- Interactive map of the Icone Tower area
- Alternative names: BCDA Iconic Building

General information
- Status: Approved
- Location: Bonifacio Global City, Taguig, Metro Manila, Philippines
- Coordinates: 14°33′19″N 121°03′15.2″E﻿ / ﻿14.55528°N 121.054222°E
- Owner: Bases Conversion and Development Authority

Height
- Height: 388 m (1,273 ft)

Technical details
- Floor count: 36
- Grounds: 7,275 m^{2} (78,310 sq ft)

Design and construction
- Architecture firm: Henning Larsen Architects
- Structural engineer: BuroHappold Engineering
- Other designers: SLA (landscaping)

= Icone Tower =

The Icone Tower (stylized as ICONE Tower), also known as the BCDA Iconic Building, is a proposed skyscraper at the Bonifacio Global City in Taguig, Metro Manila, Philippines.

==History==
===Development===
In 2017, the Bases Conversion and Development Authority (BCDA) held the "BCDA Iconic Building Design Contest" a design competition open for both Philippine-based and foreign architecture firms. The competition was for a design for the BCDA's corporate office to be built at the Bonifacio Global City. Interested firms pitched their relevant experience and credentials to the BCDA which made a shortlist of five qualified firms. The shortlisted firms for the competition were NSI+Caza, Henning Larsen Architects, DP Architects Pte Ltd, JDS Architects SPRL, and J.Mayer.H And Partner + Collaborative Architecture. Only NSI+Caza is based in the Philippines. It was only at this stage that the BCDA tasked firms to come up with designs for the building.

Henning Larsen Architects's design was selected as the winner of the competition and they signed a joint venture contract with the BCDA to implement the design by February 2018. The tower was projected to be completed by 2021.

==Architecture and design==
===Designers===
The Hong Kong office of the Danish firm, Henning Larsens Architects led by Design Director Claude Bøjer Godefroy and Managing Director Elva Tang will be responsible for the architecture and design of the Icone Tower. They were the winners of a design competition by the BCDA. The architecture firm collaborated with BuroHappold Engineering and landscape architects SLA for the winning design.

===Concept===
The design competition held by the Bases Conversion and Development Authority was for an office building standing on an area of 7275 sqm. The BCDA required the design to be representative of the Bonifacio Global City and of "Filipino ideals". The tower's design is meant as a tribute to the Armed Forces of the Philippines the largest stakeholders of the BCDA.

Its design was inspired from Filipino culture. The Icone Tower's shape was derived from the form of the Mayon Volcano.
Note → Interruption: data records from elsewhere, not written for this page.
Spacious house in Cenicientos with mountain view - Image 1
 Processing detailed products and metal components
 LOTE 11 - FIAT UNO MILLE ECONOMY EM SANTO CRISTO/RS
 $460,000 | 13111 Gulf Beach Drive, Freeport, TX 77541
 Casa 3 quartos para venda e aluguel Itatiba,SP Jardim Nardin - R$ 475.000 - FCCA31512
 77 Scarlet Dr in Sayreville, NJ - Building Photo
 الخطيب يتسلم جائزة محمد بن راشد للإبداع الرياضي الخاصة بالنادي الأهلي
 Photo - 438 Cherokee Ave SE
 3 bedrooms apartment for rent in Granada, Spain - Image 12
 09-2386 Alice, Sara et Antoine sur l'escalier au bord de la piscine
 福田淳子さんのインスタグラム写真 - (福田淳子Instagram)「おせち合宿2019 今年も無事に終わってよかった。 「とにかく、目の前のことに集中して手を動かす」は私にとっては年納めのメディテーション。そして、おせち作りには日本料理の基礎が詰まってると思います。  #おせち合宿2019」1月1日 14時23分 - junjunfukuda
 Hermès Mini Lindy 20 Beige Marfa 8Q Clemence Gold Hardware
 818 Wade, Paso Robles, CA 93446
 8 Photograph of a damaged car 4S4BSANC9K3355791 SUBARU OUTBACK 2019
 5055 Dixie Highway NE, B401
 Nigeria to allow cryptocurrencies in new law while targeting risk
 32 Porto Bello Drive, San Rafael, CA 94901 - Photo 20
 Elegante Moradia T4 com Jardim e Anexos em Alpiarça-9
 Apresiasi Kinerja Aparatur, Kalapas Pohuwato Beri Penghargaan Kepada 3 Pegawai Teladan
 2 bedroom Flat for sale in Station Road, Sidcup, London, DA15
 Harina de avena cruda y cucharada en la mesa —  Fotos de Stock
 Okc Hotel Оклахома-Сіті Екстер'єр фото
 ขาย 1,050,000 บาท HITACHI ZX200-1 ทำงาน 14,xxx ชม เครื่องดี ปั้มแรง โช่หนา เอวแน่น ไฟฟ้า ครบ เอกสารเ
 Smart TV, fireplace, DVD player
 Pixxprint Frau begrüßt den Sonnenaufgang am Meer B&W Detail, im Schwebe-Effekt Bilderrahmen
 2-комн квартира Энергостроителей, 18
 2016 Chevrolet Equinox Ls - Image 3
The Bahay kubo as explored by Francisco Mañosa to be a pyramidal form dividable in three layers (silong, bulwagan, and bubong; lit. 'basement, hall, and roof') also served as a basis for the design. The bottom portion of tower is devoted to a public plaza which will be planted with tall trees with tropical Filipino forests as the inspiration for the landscaping direction. the middle portion will be allocated to office space while the top portion, dubbed as the Light of Manila will be public observatory and will project a beam of light, acting as a lighthouse.

===Technical details===
The Icone Tower has an elliptical cone shape reducing the cost to make the building resistant to earthquakes and typhoons. Its "almost Gothic" facade or exoskeleton is supported by arches. Its office space is meant to be illuminated by natural light. It will also host social spaces, terraces, and atriums.

The building was originally proposed to stand 308 m tall but its height was later revised to 275 m. The tower will have 36 floors.